## Problem details:
Working from the entries that follow, transcribe exactly and only the lines from the one with "Angarosh Riff, Rotes Meer, Sudan" through the last, pictures excluded.
━━━━━━━━
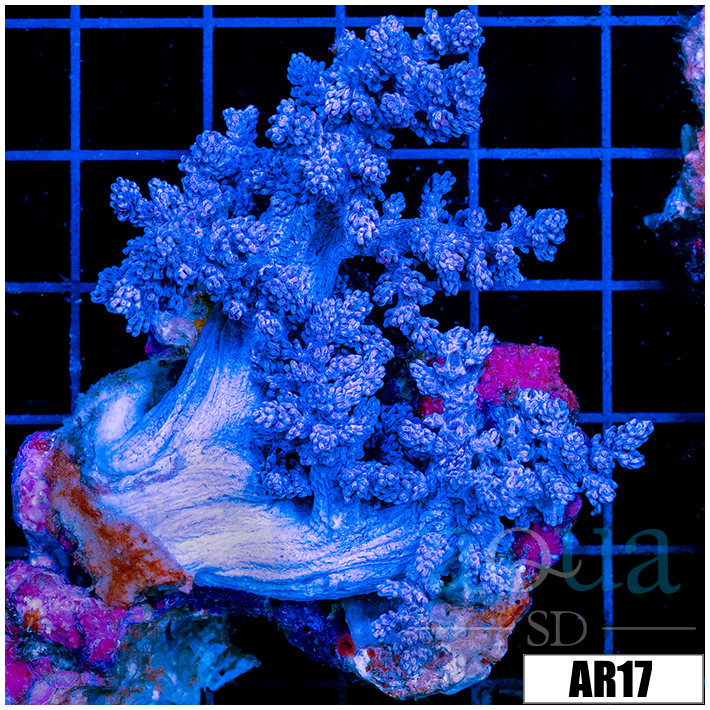Purple Nephthea Tree Coral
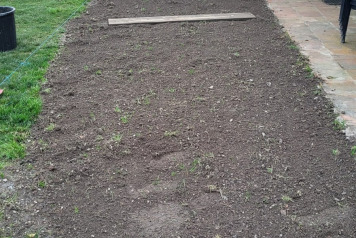 New Terrace Lawn - 1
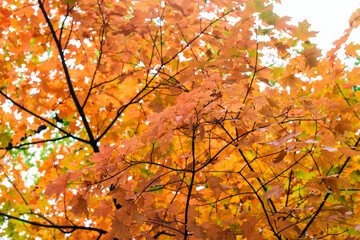 A brilliant orange maple tree with fall foliage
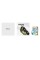 Відеокарта Zotac GeForce RTX 5060 SOLO 8GB GDDR7 128bit DLSS 4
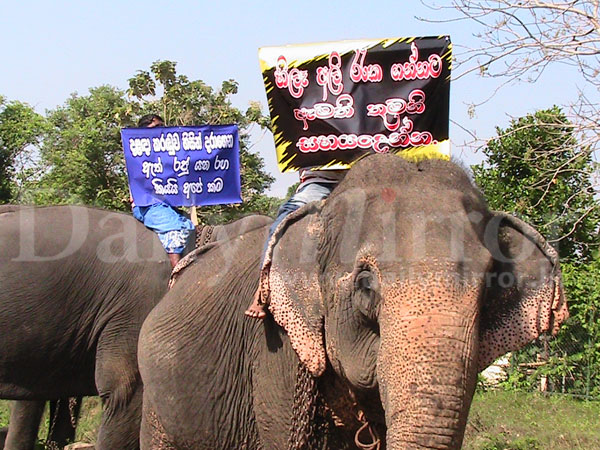 Video: Elephant owners want proper ownership records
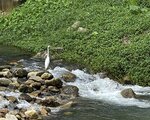 IMG_9781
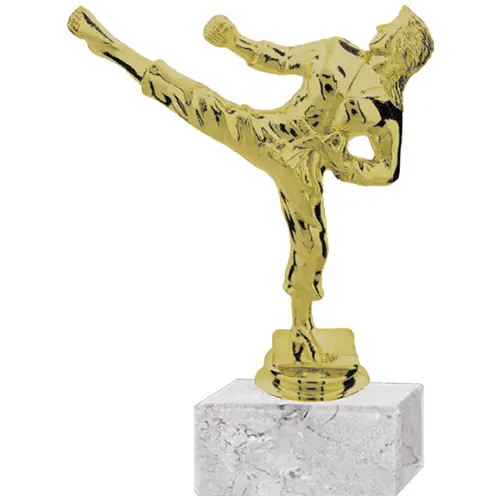 Trofeo Plástico Karate Femenino (141)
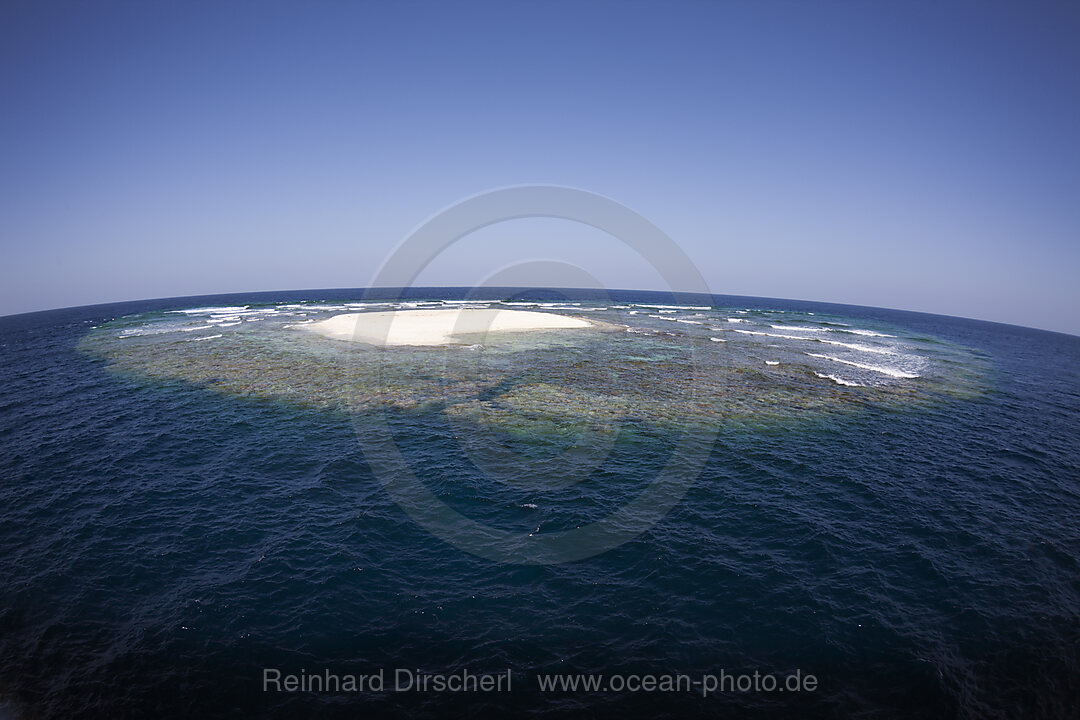 Angarosh Riff, Rotes Meer, Sudan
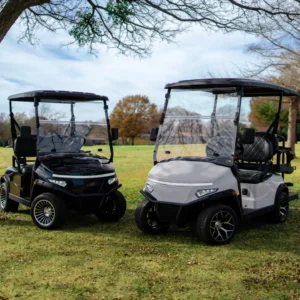 2026 Denago Scout 2 For Sale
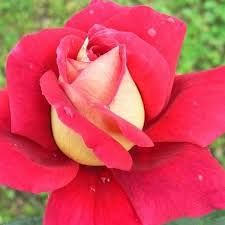 Kronenbourg magastörzsű teahibrid rózsa 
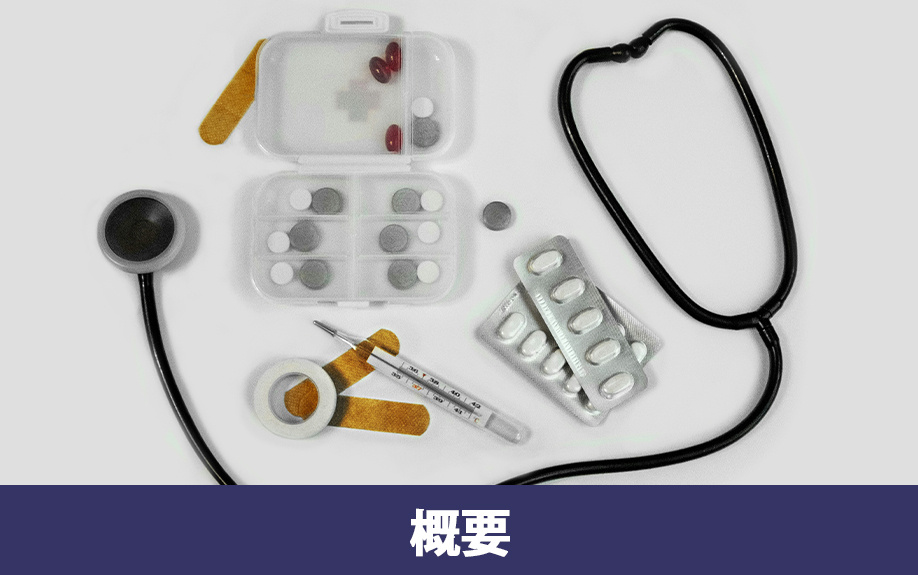 文京区にある日本薬科大学お茶の水キャンパスの概要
━━━━━━━━
## Response below:
 Angarosh Riff, Rotes Meer, Sudan
 2026 Denago Scout 2 For Sale
 Kronenbourg magastörzsű teahibrid rózsa 
 文京区にある日本薬科大学お茶の水キャンパスの概要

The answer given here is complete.